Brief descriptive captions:
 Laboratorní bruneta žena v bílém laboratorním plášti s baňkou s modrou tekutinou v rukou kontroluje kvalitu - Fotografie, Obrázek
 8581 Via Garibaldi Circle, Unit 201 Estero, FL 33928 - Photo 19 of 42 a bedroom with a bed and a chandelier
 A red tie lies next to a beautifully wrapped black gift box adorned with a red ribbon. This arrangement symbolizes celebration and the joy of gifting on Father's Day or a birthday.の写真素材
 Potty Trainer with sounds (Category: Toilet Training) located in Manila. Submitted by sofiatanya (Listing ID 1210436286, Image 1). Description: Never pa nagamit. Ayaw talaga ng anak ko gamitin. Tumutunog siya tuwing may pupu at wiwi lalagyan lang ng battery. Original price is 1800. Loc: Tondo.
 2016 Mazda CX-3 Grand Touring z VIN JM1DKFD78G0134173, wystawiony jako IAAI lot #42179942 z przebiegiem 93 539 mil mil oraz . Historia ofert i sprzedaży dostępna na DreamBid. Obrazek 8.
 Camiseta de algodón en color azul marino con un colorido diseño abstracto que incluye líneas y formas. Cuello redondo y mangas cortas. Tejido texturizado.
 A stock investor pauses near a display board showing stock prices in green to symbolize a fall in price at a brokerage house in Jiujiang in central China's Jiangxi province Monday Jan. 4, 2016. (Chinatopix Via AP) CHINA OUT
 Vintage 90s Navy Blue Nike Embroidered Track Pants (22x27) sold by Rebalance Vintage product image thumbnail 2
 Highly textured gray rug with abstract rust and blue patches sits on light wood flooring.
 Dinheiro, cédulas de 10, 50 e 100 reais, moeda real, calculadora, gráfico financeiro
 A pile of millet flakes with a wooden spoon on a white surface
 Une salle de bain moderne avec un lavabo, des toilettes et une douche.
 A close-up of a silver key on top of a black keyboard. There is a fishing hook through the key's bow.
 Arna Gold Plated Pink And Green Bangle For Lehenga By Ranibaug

**What the task requires**.
Nothing before the line containing "A pile of millet" should be repeated; repeat that line and all later lines through the end of the data above, exactly.

**Solution for this exercise**.
 A pile of millet flakes with a wooden spoon on a white surface
 Une salle de bain moderne avec un lavabo, des toilettes et une douche.
 A close-up of a silver key on top of a black keyboard. There is a fishing hook through the key's bow.
 Arna Gold Plated Pink And Green Bangle For Lehenga By Ranibaug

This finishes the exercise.